Image credit: unsw.edu.au
Image credit: unsw.edu.au

According to the news release by the University of NSW, the car, which is owned by GoGet, has been fitted with four radar sensors, a video camera and a small on-board computer.

The car was presented to the public at the GeoNext technology conference at the Australian Technology Park in Sydney which was held on Wednesday.

The project is an industry partnership between the UNSW Research Centre for Integrated Transport Innovation (rCITI) and GoGet.

rCITI’s deputy director Vinayak Dixit said the $35,000 grant to buy the technology systems fitted to the vehicle was secured from the School of Civil and Environmental Engineering.

“We’ve put sensors all around the vehicle and mounted a video camera to detect pedestrians, bicycles, other cars and roadside infrastructure,” Mr Dixit said.

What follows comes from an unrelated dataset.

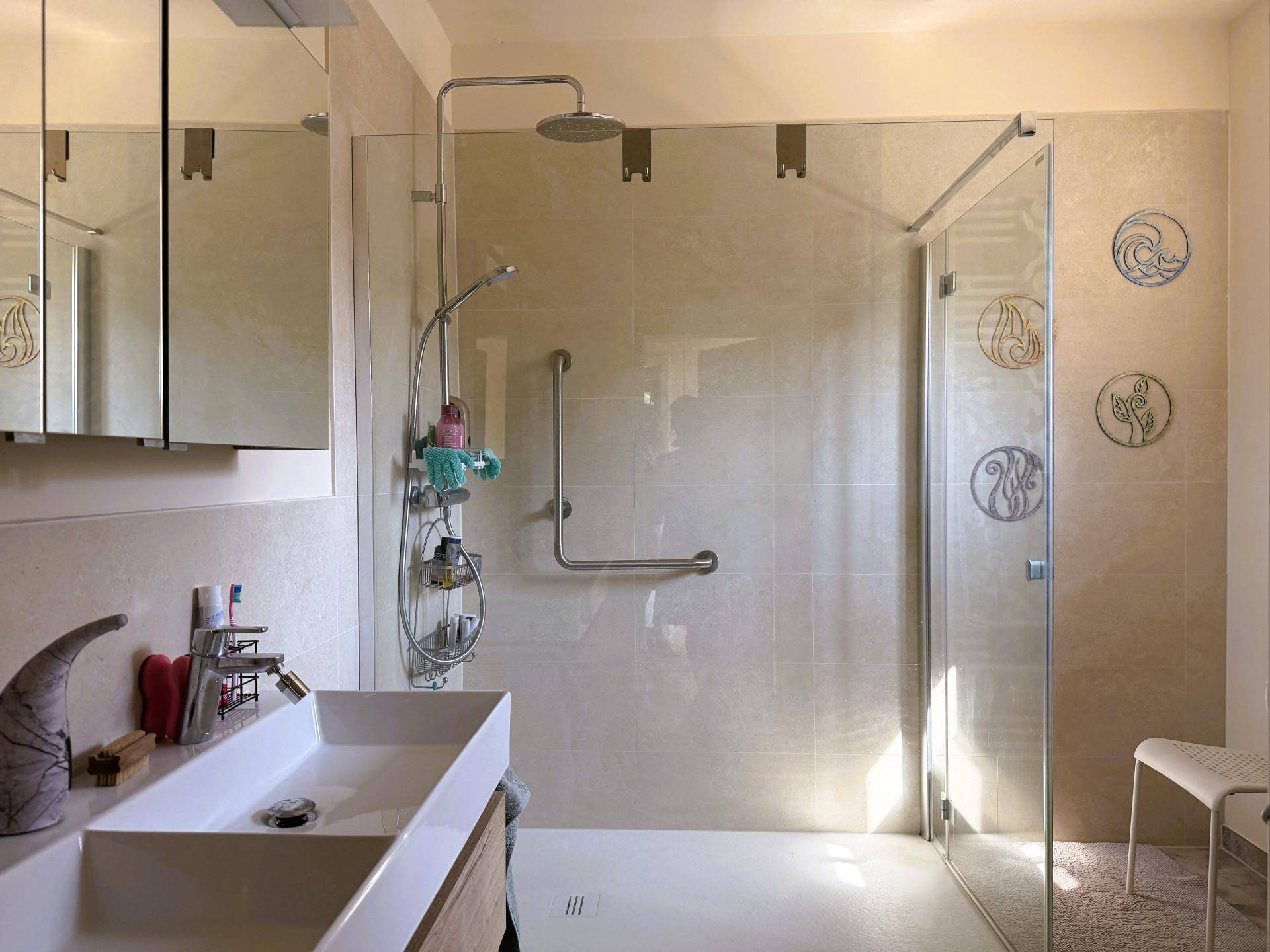 Modernes Badezimmer mit großer begehbarer Dusche, Doppelwaschbecken und hellen Fliesen.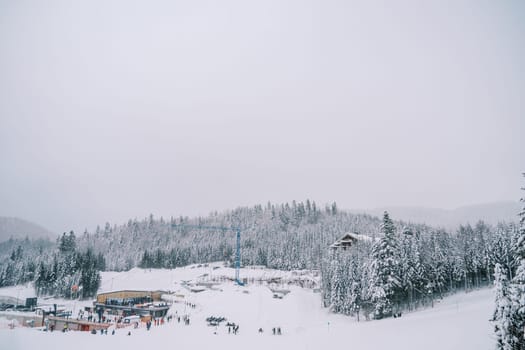 Skiers ride along the slope of the Kolasin 1600 ski resort. Montenegro. High quality photo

“We’re getting information about how people drive and how they interact with different moving entities as well as other infrastructure. This information is extremely useful when you’re trying to develop algorithms for autonomous driving.

GoGet co-founder Nic Lowe, who is supplying the car for the study, said self-driving cars could be the future of car-sharing and “the future of all urban transport”.

“I have a business objective to be the first fleet buyer of self-driving cars in Australia. It might be 10 years from now, it might be 20. I might be dead by the time it happens. But I think that it will change the face of the cities and transport and we want to be in front, not behind it,” said Mr Lowe.

According to the article on The Age, the data collected by the sensors can also be used to explore the feasibility of real-time charging schemes for car insurance. The theory is that safe drivers would be rewarded by paying less for their insurance.

“What we really want to move towards is real-time insurance, where the driver’s rates depend on how they drive at that moment,” Dixit said.

Mr Lowe said GoGet was looking to reward safe drivers in the future.

“The area that we’re focusing on is primarily insurance and identifying safe behaviour and rewarding it. We have the plan, we have the data, we [just] haven’t implemented it yet,” he said.

“We’re obviously working through the implications of doing that and the privacy implications … [and] whether people will actually respond to being rewarded for being safe.”